Ces deux exemples sont emblématiques du bon usage qu'a pu faire le régulateur des leviers dont il dispose. Si ceci est aujourd'hui largement reconnu, certains dénoncent toutefois le caractère trop exceptionnel du recours aux sanctions . En effet, en dix ans, l'Autorité a été amenée à prononcer moins de dix décisions de sanction. Lors de son audition par votre rapporteur, M. Paul Champsaur, président de l'ARCEP, l'a expliqué en précisant que la seule ouverture d'une procédure de sanction était incitative et que, le plus fréquemment, l'instruction d'une procédure de sanction par les services de l'ARCEP donnait lieu concrètement à une modification du comportement de l'opérateur concerné sans qu'il soit nécessaire d'aller jusqu'à la sanction. Votre rapporteur, constatant l'efficacité de la seule menace d'une sanction, en conclut que, si l'ARCEP fait peu usage du pouvoir de sanction dont elle dispose, cela ne signifie pas qu'elle puisse s'en passer, sa capacité à prononcer des sanctions servant visiblement d'aiguillon pour inciter les opérateurs à se conformer à leurs obligations.

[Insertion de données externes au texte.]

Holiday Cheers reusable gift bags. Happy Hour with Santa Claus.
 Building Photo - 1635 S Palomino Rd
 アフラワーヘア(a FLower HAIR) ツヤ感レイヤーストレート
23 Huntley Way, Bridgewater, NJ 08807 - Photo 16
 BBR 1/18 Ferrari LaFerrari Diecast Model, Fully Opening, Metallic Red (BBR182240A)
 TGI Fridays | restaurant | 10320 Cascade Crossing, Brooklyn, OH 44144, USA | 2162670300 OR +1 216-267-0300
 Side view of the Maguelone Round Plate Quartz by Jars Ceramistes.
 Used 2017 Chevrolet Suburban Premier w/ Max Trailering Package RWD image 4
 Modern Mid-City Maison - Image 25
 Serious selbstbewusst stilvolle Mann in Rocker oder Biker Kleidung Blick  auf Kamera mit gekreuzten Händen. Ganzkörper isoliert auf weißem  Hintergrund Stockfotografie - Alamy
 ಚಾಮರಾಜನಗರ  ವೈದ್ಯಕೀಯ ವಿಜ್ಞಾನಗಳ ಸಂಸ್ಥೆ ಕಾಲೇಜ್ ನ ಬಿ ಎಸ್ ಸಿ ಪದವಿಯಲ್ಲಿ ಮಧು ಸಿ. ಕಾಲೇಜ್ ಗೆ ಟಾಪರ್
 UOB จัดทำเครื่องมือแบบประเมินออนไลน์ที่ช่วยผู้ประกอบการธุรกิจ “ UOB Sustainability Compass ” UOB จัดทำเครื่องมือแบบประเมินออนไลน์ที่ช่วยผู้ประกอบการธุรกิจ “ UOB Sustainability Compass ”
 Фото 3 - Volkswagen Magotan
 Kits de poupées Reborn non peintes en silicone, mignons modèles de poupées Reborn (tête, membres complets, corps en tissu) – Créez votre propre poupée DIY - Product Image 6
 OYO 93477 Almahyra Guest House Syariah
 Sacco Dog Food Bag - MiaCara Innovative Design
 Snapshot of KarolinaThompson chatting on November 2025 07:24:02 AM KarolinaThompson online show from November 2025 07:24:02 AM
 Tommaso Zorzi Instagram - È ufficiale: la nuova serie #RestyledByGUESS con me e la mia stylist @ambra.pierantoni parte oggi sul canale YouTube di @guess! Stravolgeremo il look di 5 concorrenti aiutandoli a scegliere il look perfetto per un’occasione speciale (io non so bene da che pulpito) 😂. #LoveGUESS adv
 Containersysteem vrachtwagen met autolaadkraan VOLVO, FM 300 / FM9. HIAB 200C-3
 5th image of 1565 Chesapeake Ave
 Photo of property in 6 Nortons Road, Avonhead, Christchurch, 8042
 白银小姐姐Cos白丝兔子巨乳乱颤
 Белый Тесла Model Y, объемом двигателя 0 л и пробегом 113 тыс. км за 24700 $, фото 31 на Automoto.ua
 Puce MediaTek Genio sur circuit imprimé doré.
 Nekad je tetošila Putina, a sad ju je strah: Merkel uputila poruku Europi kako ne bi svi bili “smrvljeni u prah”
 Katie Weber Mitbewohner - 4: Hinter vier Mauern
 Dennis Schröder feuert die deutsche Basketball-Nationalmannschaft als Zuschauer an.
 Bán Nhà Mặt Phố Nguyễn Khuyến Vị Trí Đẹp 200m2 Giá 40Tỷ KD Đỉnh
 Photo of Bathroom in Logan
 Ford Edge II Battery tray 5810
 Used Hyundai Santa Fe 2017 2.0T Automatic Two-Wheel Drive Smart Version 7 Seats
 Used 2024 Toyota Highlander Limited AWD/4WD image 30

* 27 Rapport du Sénat n° 273 (2001-2002) « Télécommunications : la réforme cinq ans après », de M. Pierre Hérisson au nom de la commission des affaires économiques et du groupe d'étude « Poste et télécommunications ».
* 28 L'Union européenne a adopté un règlement sur le dégroupage en 2000 : règlement (CE) n° 2887/2000 du Parlement européen et du Conseil, du 18 décembre 2000, relatif au dégroupage de l'accès à la boucle locale.
* 29 Etablie par l'opérateur mais non approuvée ex ante par le régulateur qui, en contrepartie, a la faculté d'en demander la modification.
* 30 Voire de « quadruple play », lorsqu'on y ajoute la téléphonie mobile.